The overt and covert messages of media

Adorno stresses that the ideological messages embedded in the televisual medium have multiple layers. What the message of a television programme contains is not always obvious, and not may involve a deeper strata of meaning. Within every funny dick joke in a Judd Apatow film, there is a socially conservative message embedded within it, perhaps something like: a heterosexual woman is incomplete without her man partner.

Adorno tries to show this overt/covert distinction through a few examples, many of which seem like either they came from a television show that he hasn’t chosen to cite, or he’s made up very convoluted instance. I’m not quite sure where he got these ideas from.

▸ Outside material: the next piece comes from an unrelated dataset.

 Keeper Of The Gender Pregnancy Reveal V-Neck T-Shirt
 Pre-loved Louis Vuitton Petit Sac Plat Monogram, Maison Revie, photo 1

One example is this: A young schooolteacher is underpaid and bothered by her boss. We find this acceptable because even though she is brought to starvation by her poverty, we find her amusing demeanour and clumsiness to justify her as a character of worth. The covert message here is that her intelligence is compensation for her poor situation, and in some way justifies it because she will end up okay for being intelligent, regardless of her circumstances.

The other example seems to me a little bit convoluted and I do not understand how Adorno interprets this at all. The example is from the ‘funnies’ of the day where a woman leaves it in her will for her cat to inherit her belongings, but they are dismissed as eccentric items by her family, and they later find out when its too late and the items are about to be destroyed, that each toy carried a hundred dollar bill. Adorno interprets this plausibly funny situation as the implausible ideological message: “Don’t expect the impossible, don’t daydream, but be realistic” [ibidem, 167]. This in a way sounds like an inversion of the aspirational psychology of the American Dream, and plays more to the old fashioned Marxist than I would have expected.

Expectation

Adorno makes the point that the format of television shows create repetitive features, many of which establish a sense of expectation on the part of the audience, for instance, plotlines must resolve by the end of the episode, the good guy always wins and so forth. This reminds me instantly of music, and the expectations of many pieces of music. Music for dancing is almost invariably 4/4 or perhaps for folk circumstances, ¾. Also, harmonic dissonances are desired by an audience to be resolved, and a certain sense of comfort is established by the familiarity of these similarities. I think Adorno was making a sense of terminology and description which looks like what later will come to be described as the ‘trope’.

Televisual media also seems to replicate the stereotypes of people by way of what I would consider a physiognomy of character. If physiognomy is the notion that a person’s physical appearance defines their outward demeanour, we may say that their character, or aspects of their character, may define their social situation. Shylock is hated by others because he exhibits those characteristics negatively associated with Jews. Similarly, the ‘virgin’ doesn’t die in a horror film, which in turn is a covert message that expresses the desirability of the demure. Consider how last year, when an off-colour comment from a police officer prompted ‘slut walks’ internationally, the messages about the normative constraints on respectable female behaviour were brought to the open from the covert. By defining tropes such as these, we can see what is cliche and what is genuinely challenging.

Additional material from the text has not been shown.